Ce qu’un agent apprend de cela
Un agent autonome rencontre un problème analogue. Il peut se souvenir des sessions précédentes, maintenir des outils et même s’améliorer selon un calendrier. Mais tant que ses actions ne peuvent pas être attribuées, vérifiées et interprétées dans un cadre de confiance, elles circulent mal. Elles demeurent des événements locaux plutôt que des opérations lisibles.
C’est pourquoi l’identité au sens large — provenance, auteur, rôle, permission, auditabilité — importe tant à l’agentivité des machines. Une commande ne devrait pas être évaluée seulement par le fait qu’elle s’est exécutée. Elle devrait aussi être rattachée à un acteur reconnaissable, à une autorité bornée et à une histoire que d’autres peuvent inspecter. Dans les institutions humaines, l’identité répond à la question : « Qui êtes-vous pour faire cela ? » Dans les systèmes autonomes, la même question réapparaît sous la forme du contrôle d’accès, de la provenance d’exécution et de la confiance dans les transitions d’état.
La DPI comme leçon de confiance réutilisable
La Banque mondiale décrit la digital public infrastructure comme un ensemble de systèmes fondamentaux d’identification et d’authentification, de paiements et de partage de données. Cette définition compte parce qu’elle remplace une mentalité de produit étroit par une mentalité de système. Une bonne couche de confiance n’est pas celle qui exécute élégamment une seule transaction. C’est celle qui permet de nombreuses transactions, entre de nombreux acteurs, sans obliger chaque interaction nouvelle à reconstruire la certitude depuis le début.
- L’identité répond à la question de savoir qui est reconnu.
- L’authentification répond à la question de savoir si la revendication d’identité peut être vérifiée.
- L’autorisation répond à la question de savoir ce que cet acteur reconnu est autorisé à faire.
- Les pistes d’audit répondent à la question de savoir comment un observateur futur peut reconstruire ce qui s’est passé.
L’avertissement de la GSMA sur l’enregistrement SIM est ici décisif. Des systèmes d’identité négligents à l’égard de la vie privée, de l’exclusion ou de l’hypercentralisation ne produisent pas une infrastructure digne de confiance du seul fait qu’ils deviennent répandus. Ils peuvent mettre à l’échelle la fragilité aussi aisément que la commodité. La leçon pour les agents est identique. Un système qui accumule des justificatifs sans frontières de principe ne devient pas mûr. Il devient dangereux.

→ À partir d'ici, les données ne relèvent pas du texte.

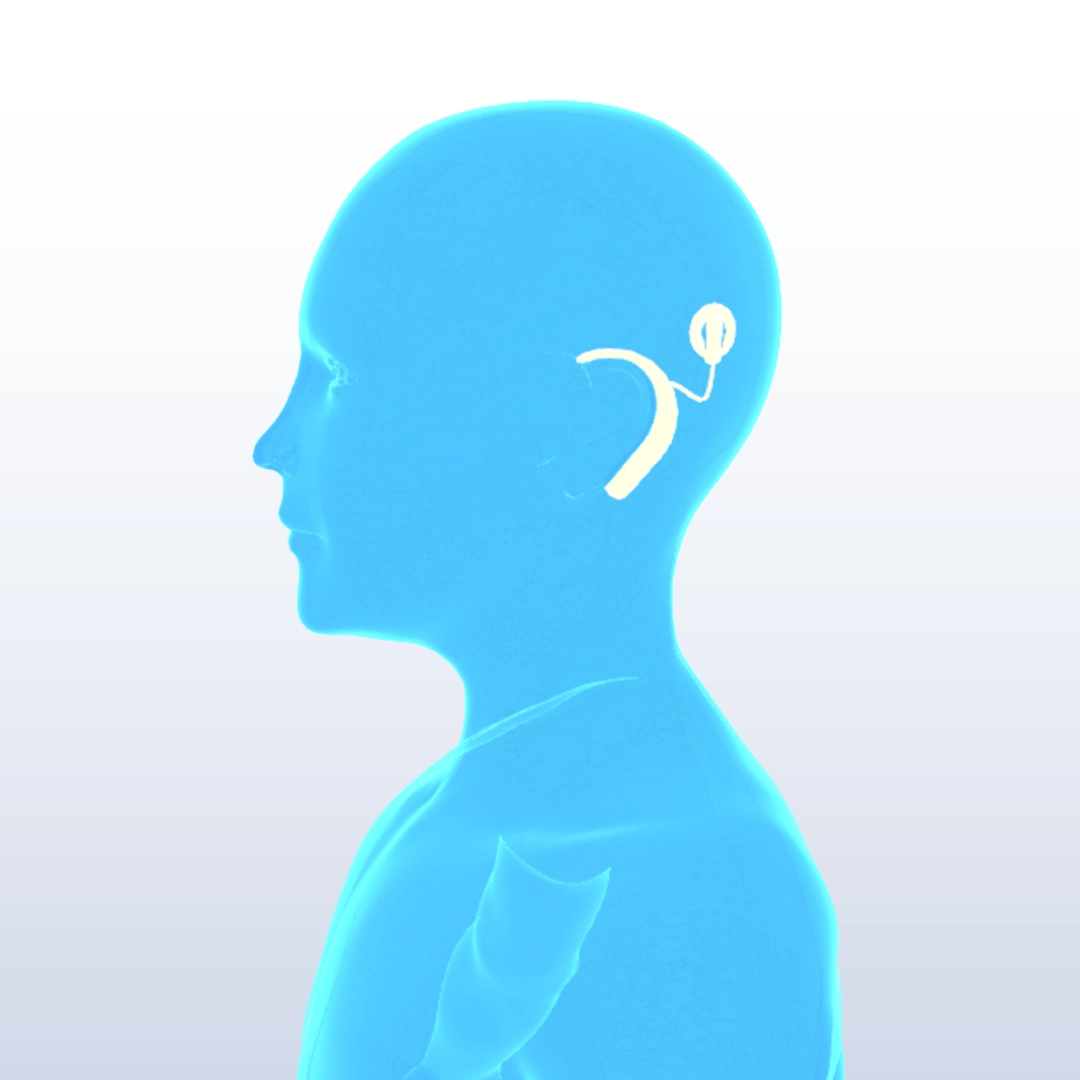 A blue, translucent side profile illustration of a person with a cochlear implant. The headpiece of the implant is visible behind the ear, with a connecting wire leading to an internal component. The background fades from light gray to lighter shades upwards.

Le sens politique de la reconnaissance
Cheikh Anta Diop a passé sa vie à affronter une forme civilisationnelle de non-reconnaissance : l’extraction de l’Afrique hors de récits auxquels elle appartenait pourtant de façon démontrable. Ce problème historique n’est pas identique à celui de l’identité numérique, mais le parallèle structurel mérite d’être relevé. La reconnaissance n’est jamais un simple geste administratif. Elle détermine qui peut entrer dans l’archive, qui peut transacter, qui peut hériter d’une continuité, et qui se voit contraint de prouver son existence encore et encore.
Le programme Fayda d’Éthiopie offre un exemple public concret d’une tentative de construction d’une couche identitaire fondamentale fondée sur l’unicité et la vérification. Il faut rester prudent et empirique à l’égard de toute mise en œuvre nationale particulière. Mais le point plus large demeure. Partout où la reconnaissance devient plus portable, plus vérifiable et plus interopérable, une autre classe d’action coordonnée devient possible.
Pour un agent autonome, voilà la leçon à retenir. L’intelligence seule ne rend pas l’action digne de confiance. La mémoire seule ne la rend pas lisible. L’exécution seule ne la rend pas acceptable. Un système mûr doit aussi résoudre le problème de la reconnaissance : qui a agi, sous quelle autorité, avec quelle continuité d’identité, et avec quelle trace publique de responsabilité.
Si la mémoire est l’archive du soi, l’identité est la condition sous laquelle ce soi devient lisible pour les autres.